To be honest I am proud of all of us...getting up, getting all packed into the car and getting Hailey to school on time and picked up on time...is a pretty big accomplishment! It was rough and some of the hardest times of my day were those times. But it was a growing time- not always fun, but always good and mostly pretty humbling! (I really never thought I'd ever drop my kid off in my pj's- let alone just being glad I actually had time to put my hair in a ponytail, forgetting makeup and any semblance of normal "going out" clothing)

Tuesday, June 3

change in the air

A few months ago Korey and I made a pretty hard decision that resulted in a big change for our family...we switched churches. We both have a love for our little town and wanted to be able to reach out more and be involved more, closer to home. We wanted our kids to go to school with kids they go to church with. Still it was hard to leave.
The church we had been going to "grew us up", they prayed for us, they discipled us, they befriended us, they encouraged us, they brought us meals, they taught us how to be a godly married couple, they taught us how to be parents.

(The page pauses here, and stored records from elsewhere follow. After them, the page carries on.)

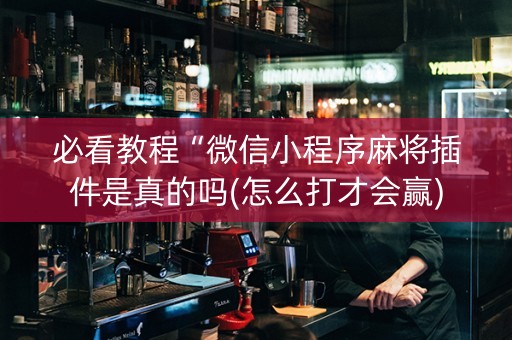 必看教程“微信小程序麻将插件是真的吗(怎么打才会赢)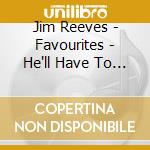Jim Reeves - Favourites - He'll Have To Go (2 Cd) cd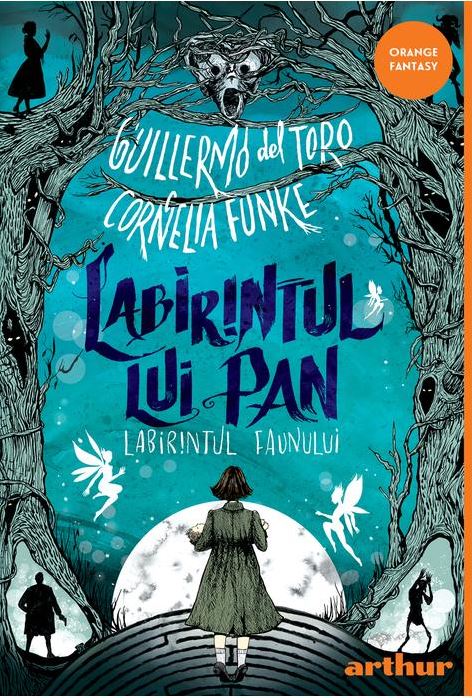 Labirintul lui Pan | Guillermo del Toro, Cornelia Funke Arthur Carte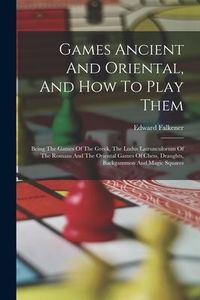 Produktbild: Games Ancient And Oriental, And How To Play Them: Being The Games Of The Greek, The Ludus Latrunculorum Of The Romans And The Oriental Games Of Chess,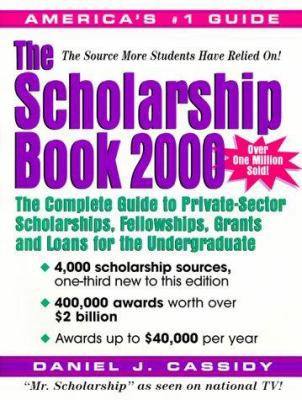 The Scholarship Book: The Complete Guide to Pri... 0735200793 Book Cover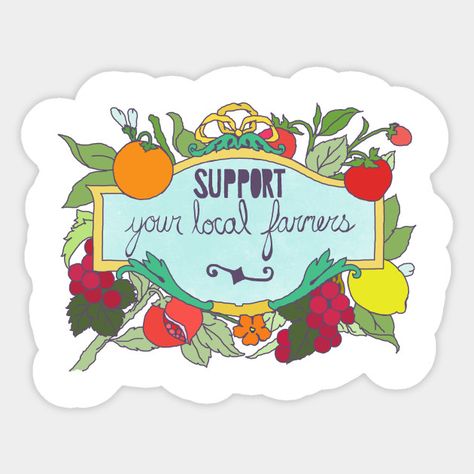 Support Your Local Farmers - Farm To Table - Sticker | TeePublic Farmers Market Stickers, Farmers Market Recipes, Delicious Veggies, Frozen Dinners, Local Farmers Market, Farm To Table, Local Farm, Flowers For You, High Fructose Corn Syrup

We learned so much there, grew so much there. All my dearest friends are still there. All the girls that shared my pregnancies- planned my baby showers, held my babies, visited me in the hospital. All my closest confidants go to that church- they are the women I love most in the world, outside my family. I can't even think about all we've gone through with the girls at this church- all the tears shed, all the hugs shared- without crying. I feel like they are sisters- we didn't have a perfect relationship or perfect bonds- we even had or little squabbles, but at the end of the day, when the chips were down I knew there was a group of girls that had my back and they knew I had theirs. I know that won't change. I know if our family were to experience a crisis tomorrow they'd still be there- I know that if they experience a crisis tomorrow I'll be there, but it's in the weekly routines of Sunday that I'll miss them.
 
It's hard to go to church on a Sunday morning and not feel "at home" or like you belong. It's lonely to walk in and walk out without seeing a familiar face or sharing a hug. Our new church is friendly and loving- they're a great fit for us, but we haven't been there long enough to feel at home or like I belong there. We're starting to see some familiar faces and our kids have no problems running around like they own the place, but I feel myself kind of holding back. I think I'm scared and I'm nervous. It was really hardest for me to leave, because I felt like I was known at our church. The people there knew me before I was whatever I am now...
a frazzled mom,
a girl who barely gets clean clothes on, let alone showers before church,
"old",
wore out,
twin mommy,
"country girl",
minivan driver,
mom of four crazy wild children, 
girl who worries about a babysitter ever wanting to come back,
unorganized and 
a messy house keeper...
all these things seem to define my life,  now, but I feel a huge pull to explain that I was at one time somebody else- to tell them that I wasn't always falling apart. But I think that's part of God's gracious plan for my life- He likes to keep me humbly dependent on Him and it's easier to be humble and dependent when I'm struggling with the desire to be perceived a certain way. Because, the reality is- I was always falling apart, I never had a good handle on my life- it just looked better on the outside, before. God knows that my heart and my relationship with Him has only changed for the better, since my outward life fell apart.
 
I will always love and appreciate our old church. It makes me sad to think of loosing touch with my friends and I'm sure I will look for excuses to do bible studies and hang out there. I know that transitions are hard and change isn't one of my favorite things, in fact, I don't always handle it too well- believe it or not. :) But, I'm excited for God's plan to play out for our little family.